L’entrée d’audio se fait par échantillonnage via la prise micro, à partir d’un certain seuil programmable (punch in/out automatiques avec temps de pré-échantillonnage pour mieux capturer les transitoires, telles que les débuts de consonnes). Pour chaque séquence, on peut régler le tempo, le temps de Gate, la durée, la signature temporelle (triples-croches, doubles-croches, triolet de doubles-croches, triolet de croches) et le mode de jeu (note seule, voix seule, note + voix). La mémoire renferme 16 séquences de 16 pas. De manière globale, on peut définir l’ordre de jeu des pas (normal, inversion pas pairs / pas impairs, pas impairs, pas pairs, pas pairs puis impairs, pas impairs puis pairs, aléatoire), réglage hélas perdu à l’extinction des feux, en plus d’être global. Les notes séquencées et les modulations des rubans sont transmises en MIDI/USB, excellent ! Ce séquenceur vocodeur est un point fort indéniable du VP-03, novateur et utile !
MIDI et audio
Les modules Boutique ont bien évolué sur le plan du MIDI. Les premiers modèles n’émettaient au départ que des Sysex, ce qui était bien pour cascader plusieurs fois le même modèle, mais moins pratique pour qui voulait les automatiser. Tout cela a été amélioré par la suite, avec la gestion des CC. Le VP-03 émet et reçoit une trentaine de CC MIDI (via les prises DIN ou USB), correspondant à tous les réglages internes et à certains contrôleurs physiques. Ainsi, le CC66 (Sostenuto) permet de geler le son vocodé, ce que faisait la pédale Hold sur le VP-330. La prise USB permet d’effectuer des Backup/Restore de la mémoire.

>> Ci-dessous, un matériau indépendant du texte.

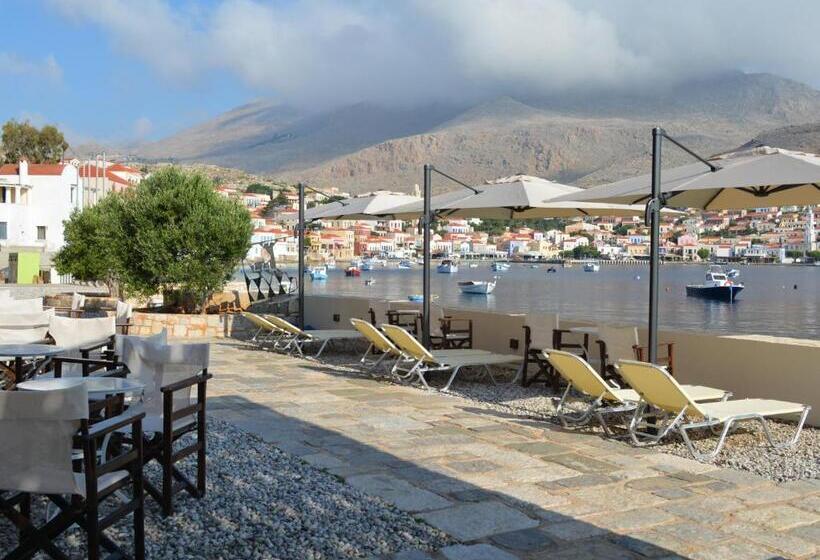هتل Aretanassa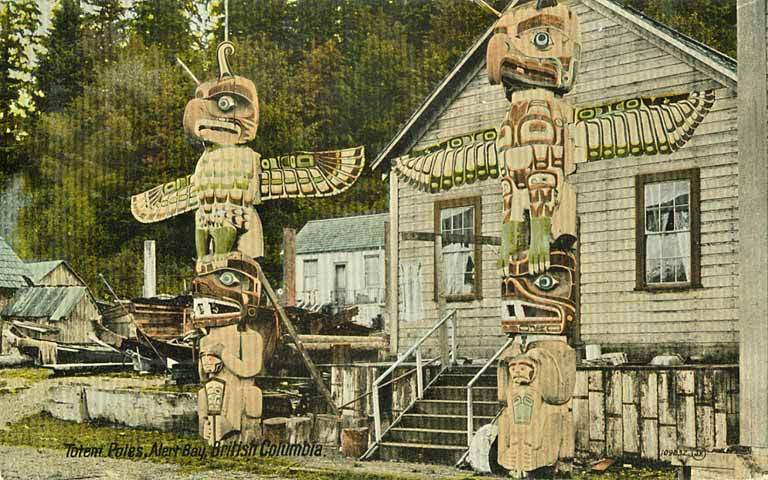Kwakwaka'wakw totempalen met dondervogels voor het huis van Nimpkish Chief Tlah-Co-Glass, Alert Bay, British Columbia, circa 1923. University of Washington, Public domain, via Wikimedia Commons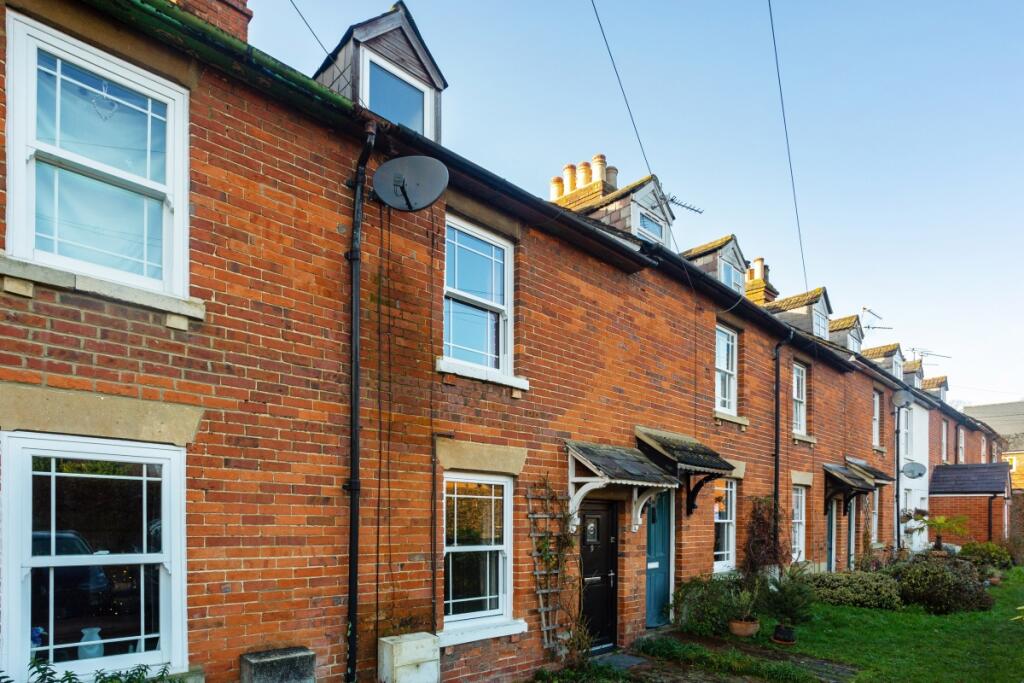 2 bed Mid Terraced House for rent in Wantage. From Hamptons - Oxford 2 bed Mid Terraced House for rent in Wantage. From Hamptons - Oxford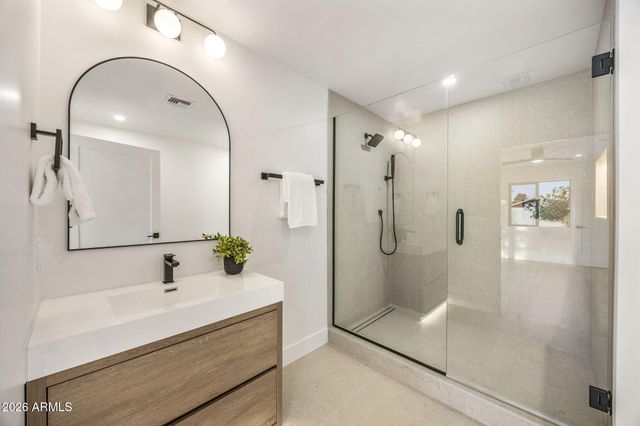 5129 E VOLTAIRE Avenue, Scottsdale, AZ 85254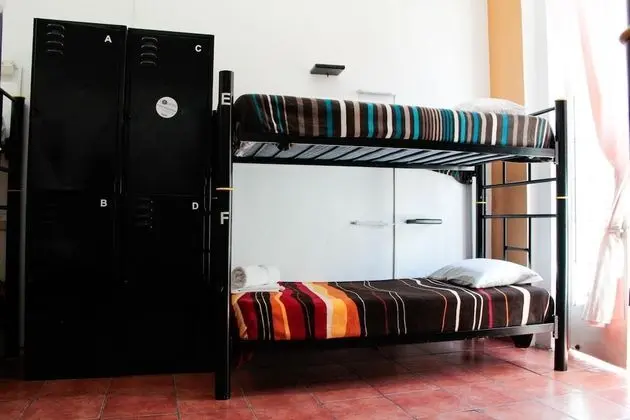 Ortak Ranzalı Oda, Sadece kadınlar için (7 pax)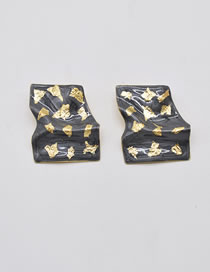 Fashion Black Metal Pleated Gold Leaf Geometric Stud Earrings
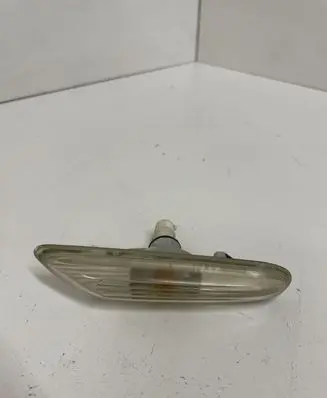 BMW 5 E60 E61 Front fender indicator light 4185L 8382104 1657411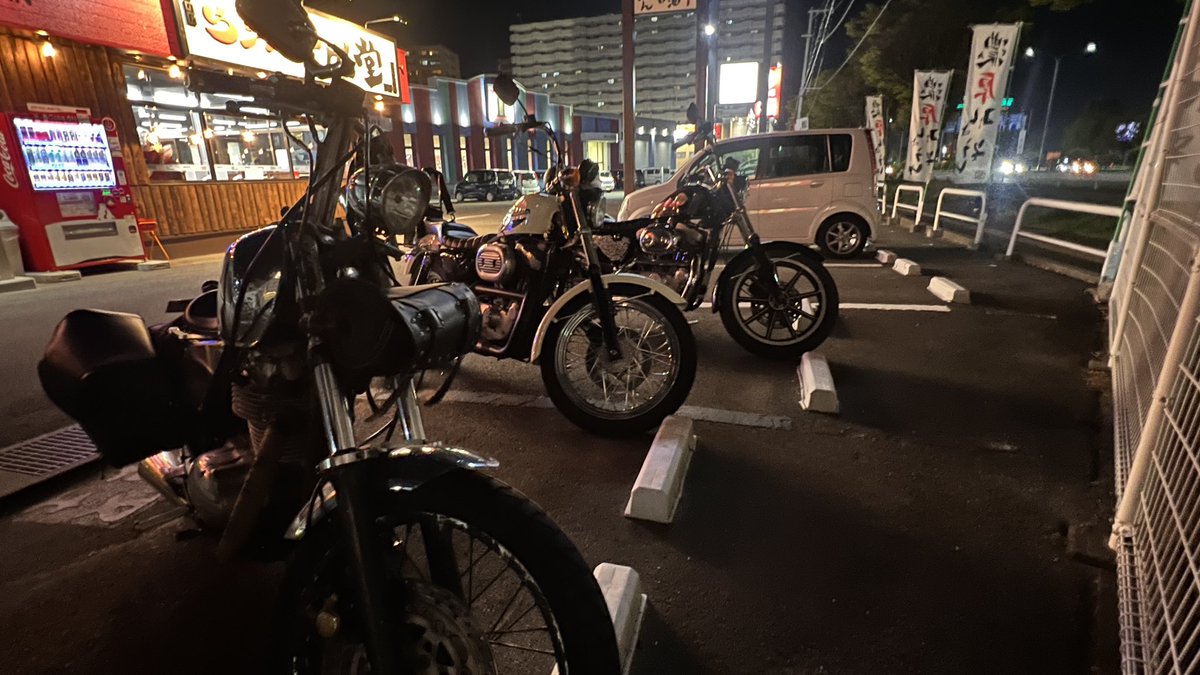 ミッツ tweet media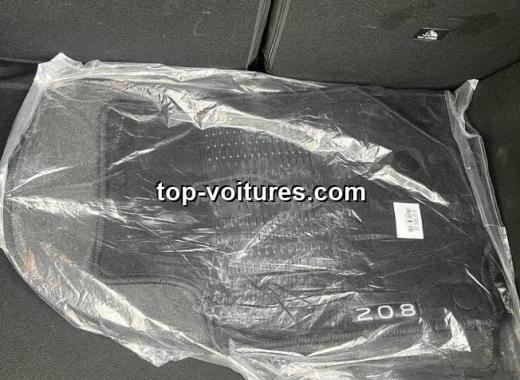 Peugeot 208 2025 — photo 6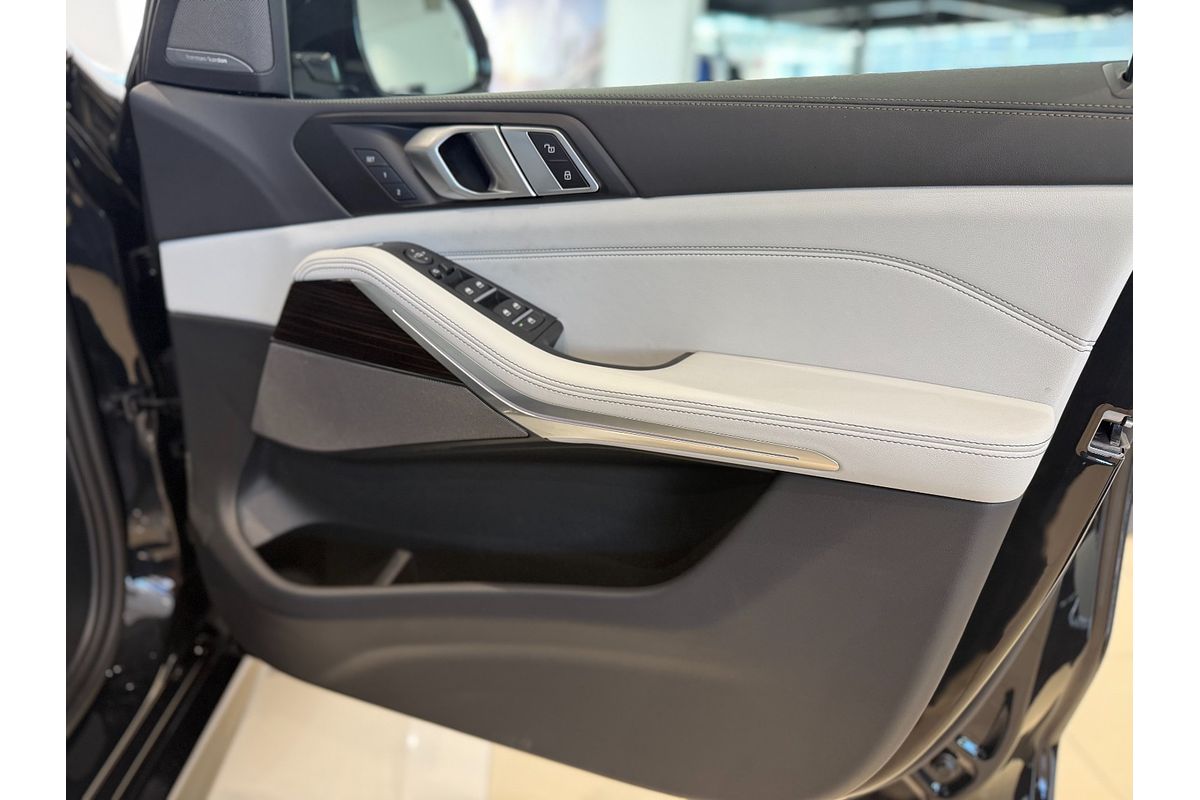 2024 BMW X5 xDrive30d M Sport G05 LCI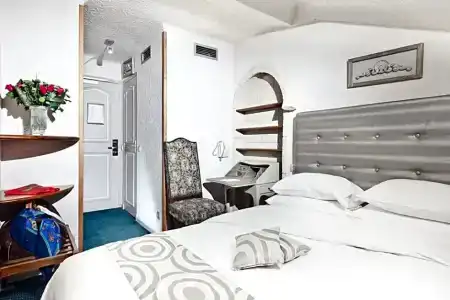 Golden Tulip Cannes De Paris - 81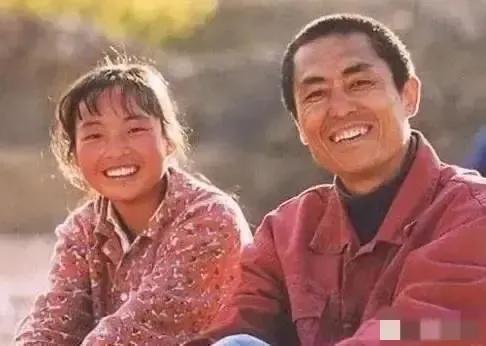 1999年，张艺谋捧红了农村女孩魏敏芝。拍完戏后，魏敏芝想进演艺圈，张艺谋却不同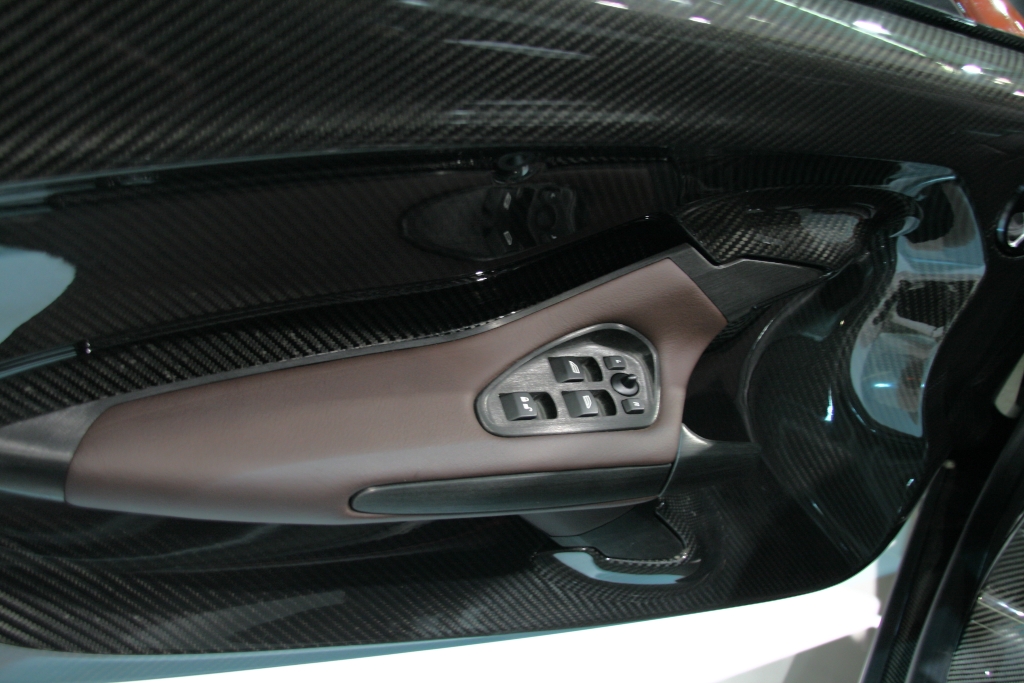 Bilderbuch: Aston Martin One-77-img_3477.jpg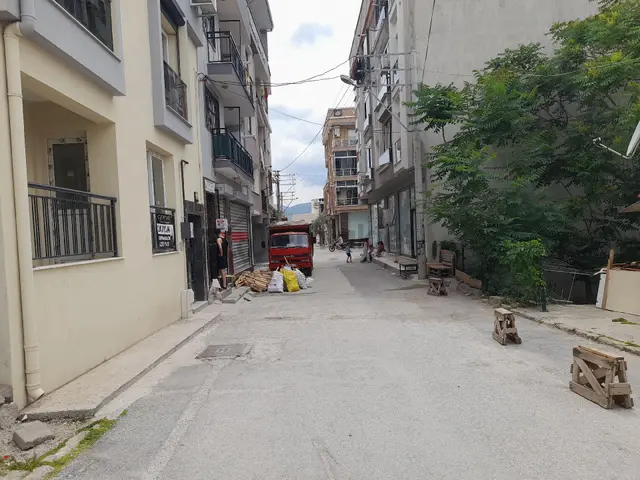 İzmir Buca İnönü Mah. Otokent E Yakın Depo Olmaya Müsait Yer 3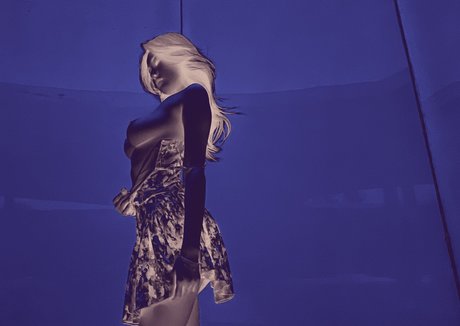 Mavis Pan star du porno érotique galerie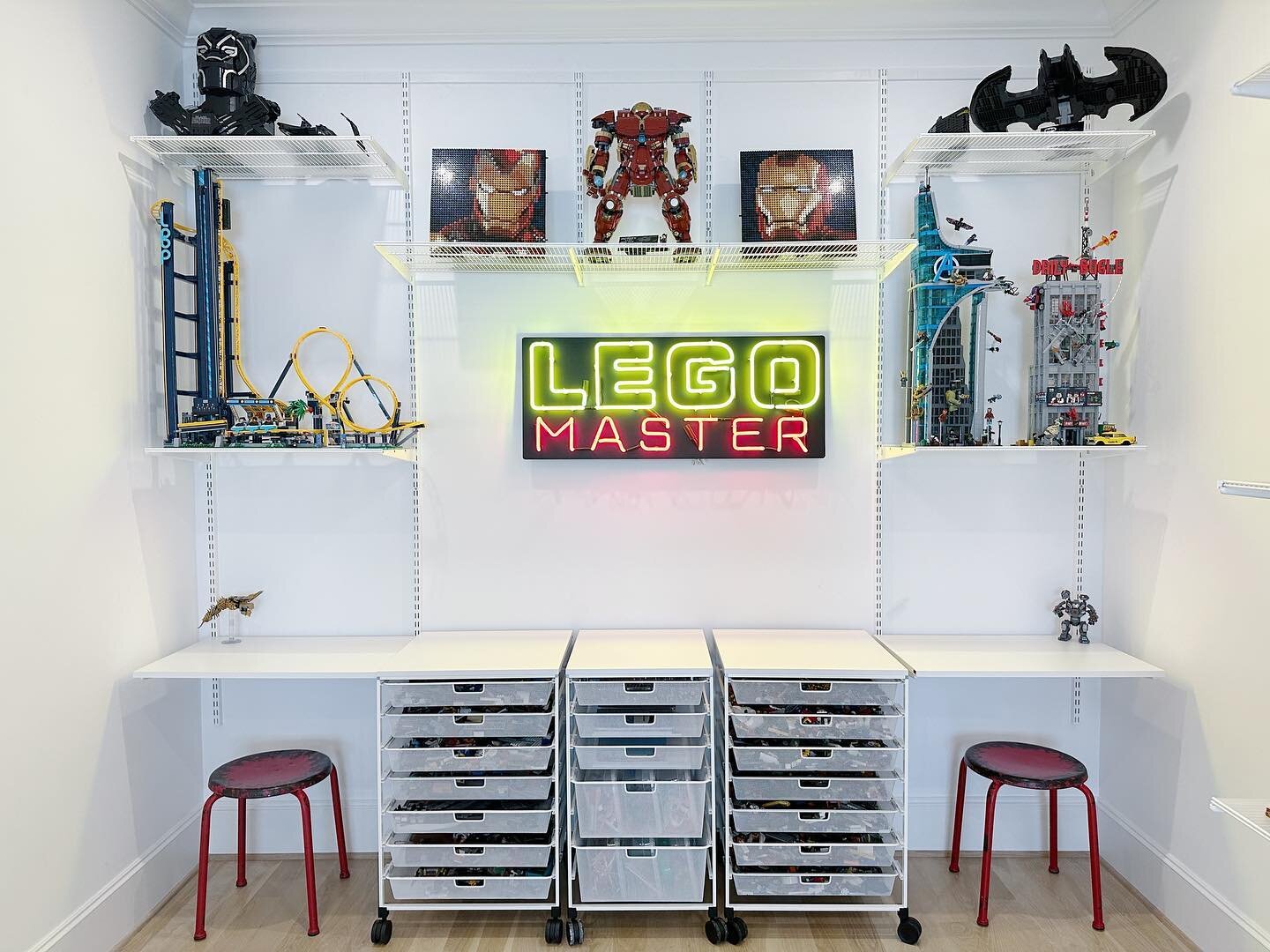 We did this @lego room last week for the sweetest boys and y&rsquo;all loved it, so I thought it deserved a permanent space on the feed. We designed the @thecontainerstore Elfa shelving around their amazing sign. We gave them each a worktop to build 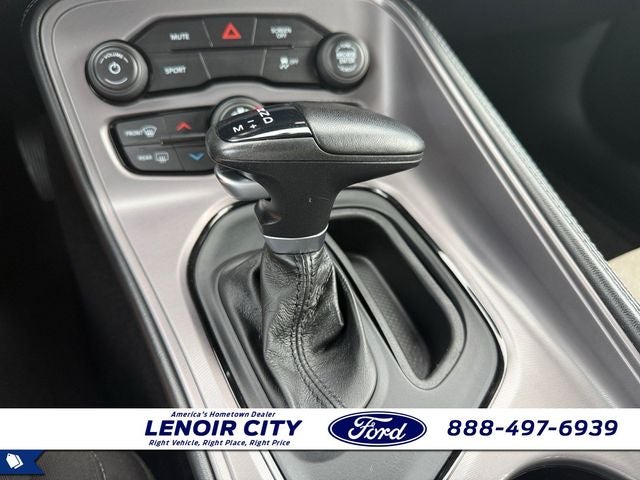 2023 Dodge Challenger SXT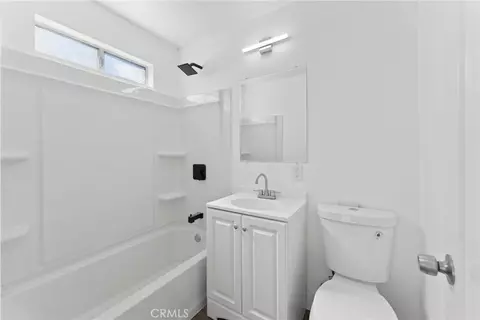 Bath - 10546 Orchard St, Bloomington, CA 92316 photo 1 of 3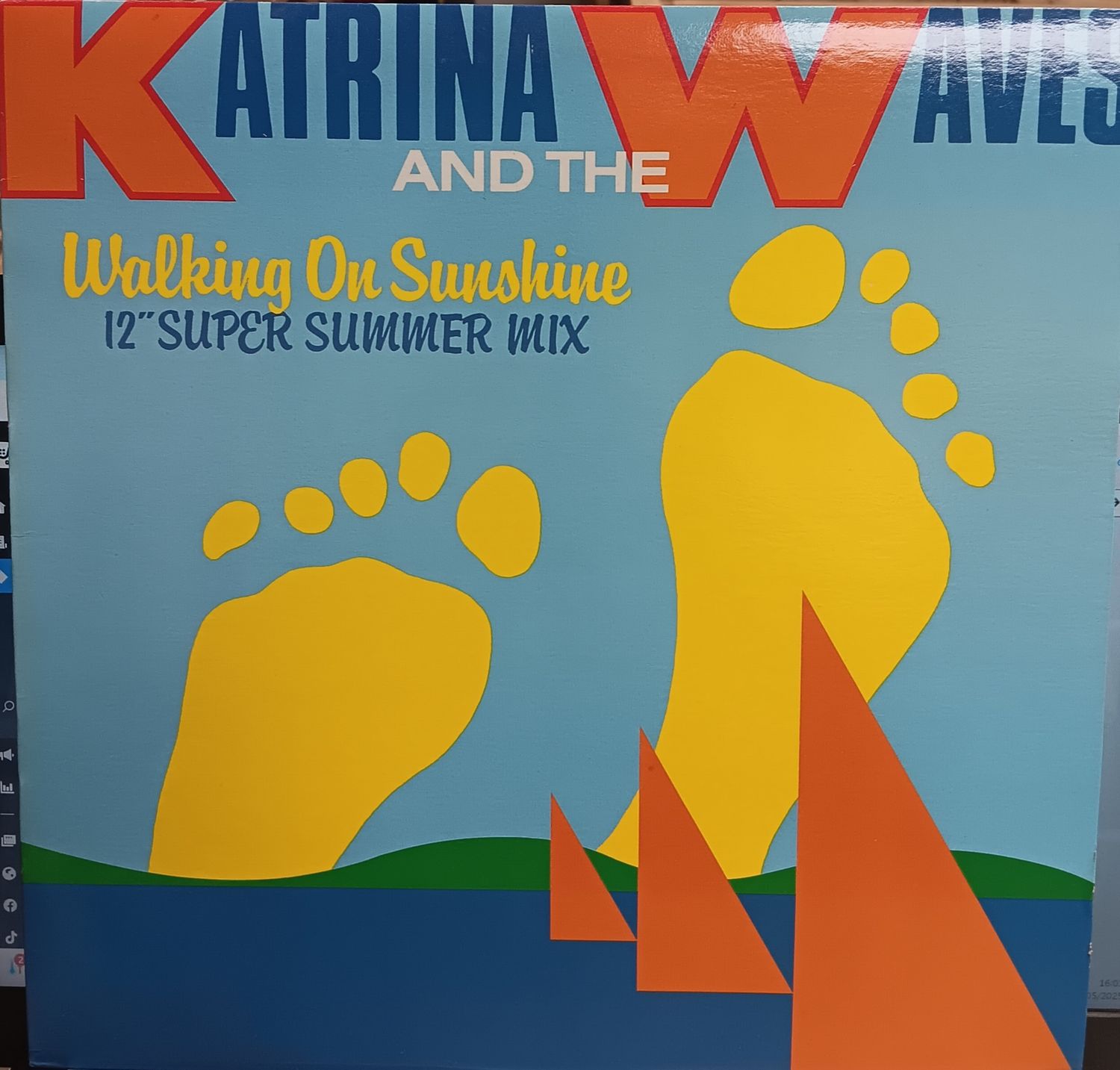 KATRINA AND THE WAVES - Walking in sunshine (MAXI)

Mais la bonne nouvelle vient des capacités USB audio du VP-03 héritées de la série Boutique. Via la prise USB, le VP-03 se transforme en interface audio 24 bits/96 kHz stéréo. Les sons du module et de l’entrée micro sont ainsi convertis en numérique et peuvent être envoyés à une STAN. Réciproquement, les sons sortant de la STAN sont convertis et envoyés à la sortie audio analogique du module. Ceci nécessite au préalable d’installer le driver PC/Mac fourni par Roland.
Mieux, nous avions dit que le choix des sources pour les signaux porteurs et modulateurs était plutôt restreint en analogique. Via l’USB, on peut indifféremment router un signal porteur et un signal modulateur au VP-03 à partir d’un PC. Ces signaux s’ajoutent aux éventuels signaux connectés à l’entrée micro analogique. Très bien vu !
Conclusion
La deuxième série Boutique étend le territoire sonore de la première, jusqu’alors dédiée à la modélisation de synthés de légende maison. Désormais, un vocodeur/string machine, une BAR et un séquenceur font partie de l’équipe. Ils ciblent toujours les musiciens/DJ nomades désirant un générateur sonore portable autonome ou les propriétaires de studio/home-studio cherchant un complément sonore peu encombrant. Le VP-03 conserve le concept intelligent de module connectable à une station d’accueil, avec alimentation par pile ou USB. La polyphonie reste toutefois limitée et le petit HP intégré peine à reproduire les subtilités du grain de la machine. Il gère parfaitement les CC MIDI et l’audio via USB passe à la vitesse supérieure, avec accès aux deux signaux d’entrée. Nous avons apprécié sa facilité de prise en main, son excellente modélisation sonore et son séquenceur vocodeur intégré. C’est aussi un module original dans son registre, sans véritable concurrence vu l’ensemble de ses fonctionnalités. Une alternative intéressante au VP-330, sans risque de maintenance à court terme ni de gros découvert bancaire.